При этом известно, что офицерство было отстранено от любого официального участия в общественно-политической жизни России еще после революции 1905–1907 годов. Военным запрещалось устраивать союзы и кружки, не допускалось выражение симпатий к тем или иным политическим силам.
«Ноги завернуты полотнищами»
Уже перед Первой мировой войной список запретов пополнился строжайшим вето на любые разговоры о политике. За нарушение регламента полагалась ответственность вплоть до уголовной. Нон грата негласно были объявлены монархические организации в провинции и столицах. В результате они начали слабеть, разваливаться и утрачивать первоначальные функции.
К февралю такие структуры если и оставались на общественно-политической карте страны, были крайне разрозненны, малочисленны и уже не представляли собой серьезной силы. Неудивительно, что цвет армии безнадежно «отстал от жизни», слабо ориентировался в политических хитросплетениях и планомерно терял лояльность к властям.

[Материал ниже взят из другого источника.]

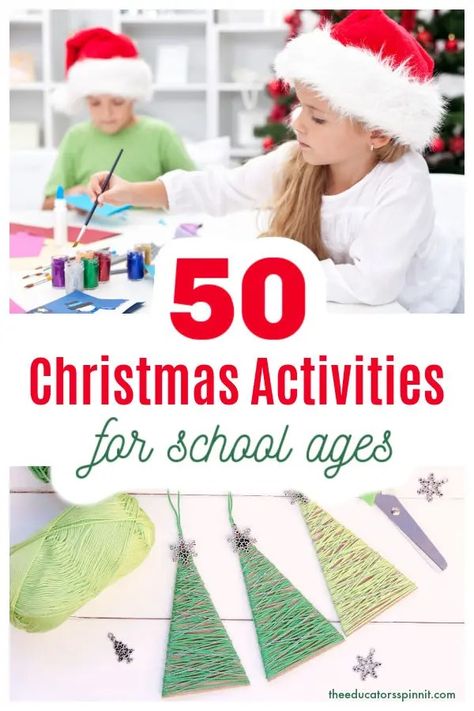 50+ Christmas Activities for School Ages School Christmas Activities, After School Club Activities, Christmas Activities For School, Kids Learning Games, Holidays Activities, School Age Activities, Children Reading, December Activities, Fun Christmas Activities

В частях видели Николая II виновником скудного до предела снабжения, что еще в середине 1915 года послужило главной причиной так называемого Великого отступления.
В результате него Россия оставила противнику западные области и потеряла убитыми и ранеными свыше 1 млн человек.
Как вспоминал годы спустя Деникин, «не было ни патронов, ни снарядов. Изо дня в день кровавые бои, изо дня в день тяжелые переходы, бесконечная усталость — физическая и моральная; то робкие надежды, то беспросветная жуть».
Острый дефицит на фронтах был буквально на все: и на оружие, и на продовольствие. Армия, преследовавшая цель «навести порядок в Европе», на фоне передовых технологий своих союзников по Антанте вооружалась трехлинейными винтовками образца 1891 года. В хронике одной из боевых операций описывается случай, когда командование в качестве подкрепления прислало 14 тыс. солдат вообще без ружей.
Александр Гучков в ходе визита на фронт отмечал, что «с продовольствием в армии не справляются, люди голодают. Сапог у многих нет. Ноги завернуты полотнищами».
«Снарядный голод» наносил войскам не меньше урона. Зачастую артиллерия не могла прийти на помощь обстреливаемой пехоте, потому что сама не получала укомплектования несколько недель, а то и месяцев.
На настроения простых солдат фундаментально повлиял и еще один жизненно важный фактор — земля. В 1917 году должно было состояться третье после 1893 и 1905 годов перераспределение пахотных наделов. Так что служивые стремились любой ценой вернуться домой и поучаствовать в процессе, а не гибнуть в сырых окопах за малопонятные им идеалы.